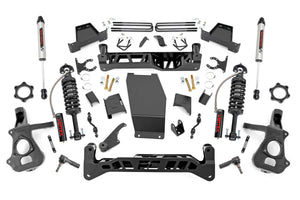 Rough Country 7 Inch Lift Kit | Chevy/GMC 1500 (14-18)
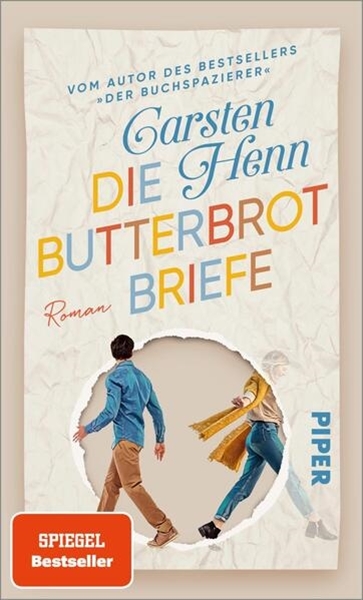 Bild von Henn, Carsten: Die Butterbrotbriefe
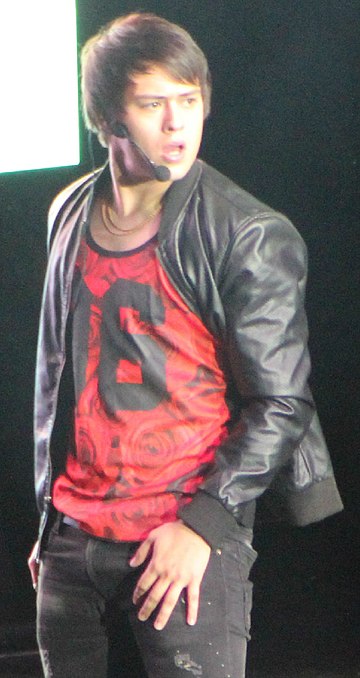 Enrique Gil (cantante filipino)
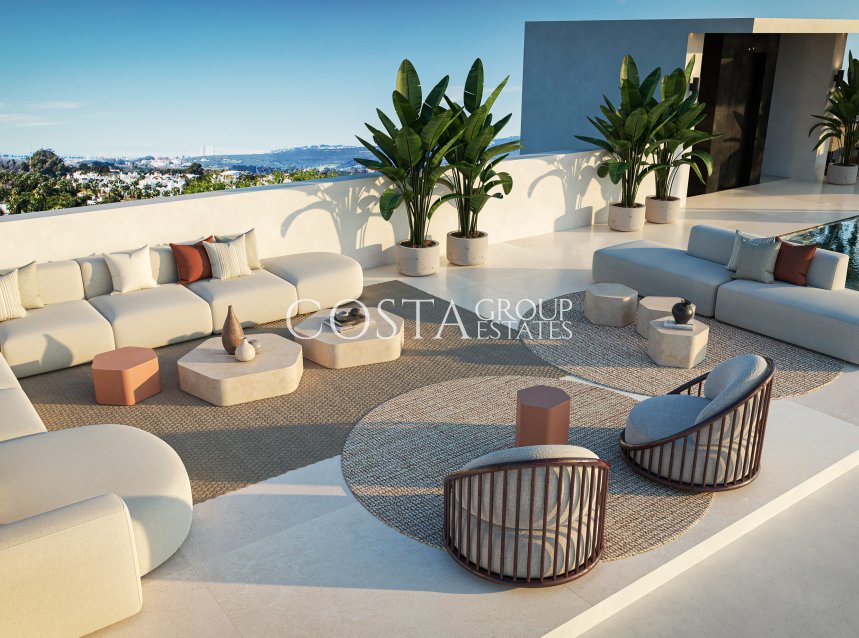 New Build - Villa -
Estepona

============

▸ WHAT IS REQUIRED:
Produce an exact copy of the records above, leaving out the pictures.

▸ ANSWER TO THIS TASK:
 Rough Country 7 Inch Lift Kit | Chevy/GMC 1500 (14-18)
 Bild von Henn, Carsten: Die Butterbrotbriefe
 Enrique Gil (cantante filipino)
 New Build - Villa -
Estepona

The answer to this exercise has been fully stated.